I've used this analogy before but it's a good one; a cousin to the bucket and the leaky faucet.
Imagine water flowing into the top of a large tank. The water is solar energy and the tank is the Earth's energy content. Near the bottom of the tank, we have a drain line with an adjustable valve that lets the water back out. In the Beginning (da-da-da-dummmmmm), the tank was empty and the water started pouring in. When the water is shallow, there is very little water pressure down at that drain line and so not much flow. The water keeps rising because its coming in faster than its going out. But as the water gets deeper, the flow out the drain line increases. At a certain depth, that increasing depth will have gotten the flow out of the drain to equal the flow in. The water depth will stop changing and everything is stable. The system is at equilibrium.

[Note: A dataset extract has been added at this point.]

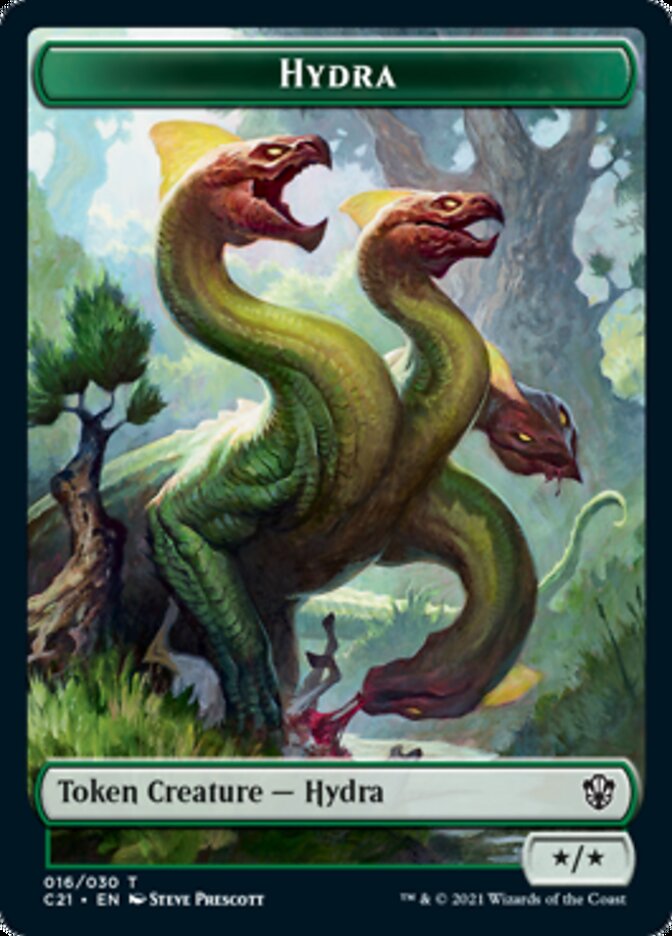 Hydra // Boar Double-Sided Token [Commander 2021 Tokens] MTG Single Magic: The Gathering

Now, we change something. We could increase the rate that water is flowing in. That would cause the water level in the tank to rise till the increasing pressure had pushed the outflow to match. We'd have a new equilibrium at a new water depth. If we decreased the flow in, the reverse would happen and we would establish a new equilibrium at a lower water level. Alternatively, we could adjust that drain valve. If we open it up, the outflow will exceed the inflow and the water level will drop. If we close it down a bit, the opposite will happen and the new equilibrium will be at a higher water level. Or we could do both. Increase the inflow and increase the outflow. If you're careful, you might keep the equilibrium right where it was at. Or you could make the adjustments in opposite directions, making the water level change even faster.
This is why adding CO2 to the Earth's atmosphere, even in small amounts, has a significant effect over the time scales under consideration here. We could close that valve just a tiny, tiny, tiny bit and it would look as if nothing was happening. But it has and that water level will rise and it will keep rising till it finds that new equilibrium. CO2 resists the escape of thermal energy from the Earth. It closes down that drain valve and raises the level at which the system will reattain equilibrium. And CO2 has a long lifespan in the atmosphere: hundreds of years. Almost every bit of CO2 that humans have added to our air is still there. And keep in mind that when you want to look at a percentage change in temperature with regard to physical and chemical effects that will cause, you have to do that on one of the absolute scales. It is not correct, if yesterday was 70F and today it's 80, to say that it is (10/70)% warmer, because the zero on the Fahrenheit and Centigrade scales are arbitrary. Zero temperature is absolute zero and thus, so far, global warming has only produced a change from 286.9 Kelvin to 288 Kelvin. That's enough to be seen and to have effects and, since we are closing that valve faster and faster, further and further every day, the rate of water level change, the rate of temperature change is still accelerating.